Data Migrations Series |
Besides migrating the master and transactional data from the legacy systems there are usually three additional important business requirements for a Data Migration (DM) – migrate the data within expected timeline, with minimal disruption for the business, respectively within expected quality levels. Hence, DM’ timeline must match and synchronize with main project’s timeline in terms of main milestones, though the DM needs to be executed typically within a small timeframe of a few days during the Go-Live. In what concerns the third requirement, even if the data have high quality as available in the source systems or provided by the business, there are aspects like integration and consistency that rely primarily on the DM logic.
To address these
requirements the DM logic must reach a certain level of performance and quality
that allows importing the data as expected. From project’s beginning until UAT the
DM team will integrate the various information iteratively, will need to test the
changes several times, troubleshoot the deviations from expectations. The volume
of effort required for these activities can be overwhelming. It’s not only important
for the whole solution to be performant but each step must be designed so that besides
fast execution, the changes and troubleshooting must involve a minimum of overhead.
For better understanding
the importance, imagine a quest game in which the character has to go through a
labyrinth with traps. If the player made a mistake he’ll need to restart from a
certain distant point in time or even from the beginning. Now imagine that for each
mistake he has the possibility of going one step back try a new option and move
forward. For some it may look like cheating though in this way one can finish the
game relatively quickly. It would be great if executing a DM could allow the same
flexibility.
Unfortunately, unless the
data are stored between steps or each step is a different package, an ETL solution
doesn’t provide the flexibility of changing the code, moving one step behind, rerunning
the step and performing troubleshooting, and this over and over again like in the
quest game. To better illustrate the impact of such approach let’s consider that
the DM has about 40 entities and one needs to perform on average 20 changes per
entity. If one is able to move forwards and backwards probably each change will
take about a few minutes to execute the code. Otherwise rerunning a whole package
can take 5-10 times or even more as this can depend on packages’ size and data volume.

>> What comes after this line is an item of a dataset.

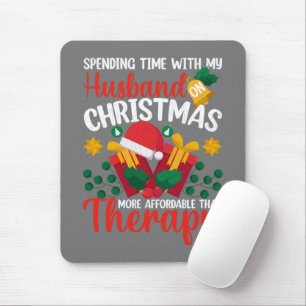 Tijd doorbrengen met man en vrouw op kerstmis muismat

For 800 changes only an additional minute per change equates with 800 minutes (about
13 hours).
In exchange, storing the data for an entity in a database for the important points of the processing and implementing the logic as a succession of SQL scripts allows this flexibility. The most important downside is that the steps need to be executed manually though this is a small price to pay for the flexibility and control gained. Moreover, with a few tricks one can load deltas as in the case of a phased DM.
To assure that the consistency
of the data is kept one needs to build for each entity a set of validation queries
that check for duplicates, for special cases, for data integrity, incorrect format,
etc. The queries can be included in the sequence of logic used for the DM. Thus,
one can react promptly to each unexpected value. When required, the validation rules
can be built within reports and used in the data cleaning process by users, or even
logged periodically per entity for tracking the progress.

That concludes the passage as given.